Атаман приглядел себе рано овдовевшую шляхтяночку Ясю Закревскую из Прицкого и привез ее в Вавилон вместе с дочкой от первого брака. Яся вскоре умерла от тифа, оставив атаману вроде бы совсем чужую ему Даринку, Но отчим относился к ней по-отцовски, она называла его папой, оставлять ее одну дома не хотелось, вот он и брал дочку в ночное. Скоро и девочка гарцевала на Гнедом к радости отца. Тот не раз говаривал ратоборцам: «Гляньте-ка на мою Даринку! Ей-богу, быть ей атаманшей!»
Однажды во время жестокой битвы с «дохлыми мухами» кто-то из «мух» угодил в нашего атамана дубинкой, беднягу даже не довезли до больницы.

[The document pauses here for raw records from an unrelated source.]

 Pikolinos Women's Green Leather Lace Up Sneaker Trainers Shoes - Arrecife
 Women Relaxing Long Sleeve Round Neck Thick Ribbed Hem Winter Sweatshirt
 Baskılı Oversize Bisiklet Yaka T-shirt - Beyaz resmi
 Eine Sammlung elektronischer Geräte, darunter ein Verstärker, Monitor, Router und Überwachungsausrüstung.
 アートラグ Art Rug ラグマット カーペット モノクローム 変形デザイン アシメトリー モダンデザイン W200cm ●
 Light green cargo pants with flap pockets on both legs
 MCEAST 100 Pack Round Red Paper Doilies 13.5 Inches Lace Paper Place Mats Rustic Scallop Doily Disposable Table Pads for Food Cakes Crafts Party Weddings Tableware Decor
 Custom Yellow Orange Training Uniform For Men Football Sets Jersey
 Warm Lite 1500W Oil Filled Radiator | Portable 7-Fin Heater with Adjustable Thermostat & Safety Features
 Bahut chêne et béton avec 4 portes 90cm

Зато после этого случая Вавилон признал себя побежденным и попросил у соседей перемирия. Если и вспыхивали стычки, то уж только на кулаках, причем бились одни силачи с силачами, и тут прославился Данько Соколюк, который всегда одерживал верх, кроме одного раза, когда победил его какой-то верзила из Прицкого.
Даринка еще некоторое время пригоняла в ночное своего Гнедого. Юную всадницу старшие научили курить, ругаться, приспосабливали ее ко всем превратностям пастушеского житья, не больно заботясь о том, что могут навредить девушке. А когда однажды Даринка не явилась в ночное, все пожалели, что ее больше нет, поняли, что любили ее, а те шалости, которым они учили девушку, были для них только жалкой забавой после прежних славных баталий. Даринку вместе с Гнедым, а точнее, чтобы завладеть Гнедым, забрали в Прицкое какие-то дальние родичи. Они оказались людьми тихими и загребущими, и на следующее лето Даринка от них сбежала. Отцовской хаты она уже не застала — соседи успели растащить ее на дрова, — и только вишневый сад, как и прежде, зацветал каждую весну, не хотел дичать.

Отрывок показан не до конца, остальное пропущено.